Qdrant self-hosted on a $20/mo VPS: 100K vectors → 2-10ms.

The pattern: pgvector is fast enough for ~95% of apps, and the gap to dedicated DBs only matters at scale or under tight latency SLAs.

What about the metadata problem

A common pitfall: you embed documents, store them in a vector DB, then realize you need to filter by tenant_id, created_at, category. Some vector DBs handle this elegantly; others don't.

pgvector inherits Postgres's full SQL: any WHERE clause works perfectly. Best metadata story.
Pinecone, Qdrant, Weaviate: have their own metadata filter syntaxes, often slightly limited.
Chroma: simple metadata filtering, works for basic cases.

If your retrieval needs structured filters more than "top-K vectors with no constraints," pgvector tends to win.

When NOT to use a vector DB at all

You have < 1,000 documents. Skip the vector store entirely. Embed at request time and brute-force-compare in memory, or just put all docs in the LLM's context window.
Your queries are mostly exact match. Use Postgres FTS (full-text search) or BM25; vector overkill.
Your data fits in RAM and stays small. A Python dict and numpy.argmax is sometimes the right answer.
You're not at the retrieval-quality wall yet.

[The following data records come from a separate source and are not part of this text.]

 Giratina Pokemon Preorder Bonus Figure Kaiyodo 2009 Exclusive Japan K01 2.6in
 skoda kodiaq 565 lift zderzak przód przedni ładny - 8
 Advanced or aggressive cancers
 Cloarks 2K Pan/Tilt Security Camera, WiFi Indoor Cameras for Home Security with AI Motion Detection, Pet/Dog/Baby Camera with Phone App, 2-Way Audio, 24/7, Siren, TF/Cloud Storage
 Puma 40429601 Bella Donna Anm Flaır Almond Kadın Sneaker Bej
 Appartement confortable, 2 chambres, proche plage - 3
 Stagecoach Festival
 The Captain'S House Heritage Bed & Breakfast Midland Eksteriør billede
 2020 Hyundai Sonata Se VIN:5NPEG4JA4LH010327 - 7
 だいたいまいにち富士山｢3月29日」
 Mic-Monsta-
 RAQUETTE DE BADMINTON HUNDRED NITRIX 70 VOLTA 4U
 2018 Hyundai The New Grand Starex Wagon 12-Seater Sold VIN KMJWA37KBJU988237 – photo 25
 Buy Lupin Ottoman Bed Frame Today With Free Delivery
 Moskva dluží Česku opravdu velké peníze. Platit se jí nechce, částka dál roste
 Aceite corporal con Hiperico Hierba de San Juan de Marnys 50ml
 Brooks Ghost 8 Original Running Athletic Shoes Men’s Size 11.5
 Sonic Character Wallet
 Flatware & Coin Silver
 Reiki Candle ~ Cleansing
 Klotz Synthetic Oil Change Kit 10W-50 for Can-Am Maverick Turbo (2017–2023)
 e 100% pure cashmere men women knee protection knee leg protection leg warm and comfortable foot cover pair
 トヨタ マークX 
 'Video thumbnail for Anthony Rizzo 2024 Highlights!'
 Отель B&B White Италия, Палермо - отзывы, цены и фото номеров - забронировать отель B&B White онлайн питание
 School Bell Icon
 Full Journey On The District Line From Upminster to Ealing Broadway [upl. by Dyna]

If your bottleneck is bad chunking or wrong embedding model, a fancier DB doesn't fix it.

Migration cost

A practical concern: switching vector DBs is annoying but not catastrophic. Re-embedding is usually unnecessary — you export vectors + metadata, import to the new DB. Most teams do this once, when scale demands it. Plan to start with pgvector and migrate if/when needed; don't pre-optimize.